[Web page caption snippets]

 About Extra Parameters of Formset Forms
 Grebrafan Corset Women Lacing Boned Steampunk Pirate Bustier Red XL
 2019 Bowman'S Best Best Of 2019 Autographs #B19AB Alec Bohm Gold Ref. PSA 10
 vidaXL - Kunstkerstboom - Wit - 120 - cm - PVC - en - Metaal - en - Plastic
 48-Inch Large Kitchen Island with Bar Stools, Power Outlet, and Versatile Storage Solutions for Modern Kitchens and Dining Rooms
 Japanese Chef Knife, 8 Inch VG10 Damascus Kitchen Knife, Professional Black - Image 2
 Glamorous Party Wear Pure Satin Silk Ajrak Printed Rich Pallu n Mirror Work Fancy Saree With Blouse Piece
--
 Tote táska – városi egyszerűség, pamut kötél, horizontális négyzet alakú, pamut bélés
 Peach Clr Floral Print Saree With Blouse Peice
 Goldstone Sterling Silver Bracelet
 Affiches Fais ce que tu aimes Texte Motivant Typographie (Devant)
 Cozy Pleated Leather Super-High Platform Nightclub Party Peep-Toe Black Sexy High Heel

**Brief**.
Total lines with "Saree" in the records above: report that figure alone.

**Exercise response**.
2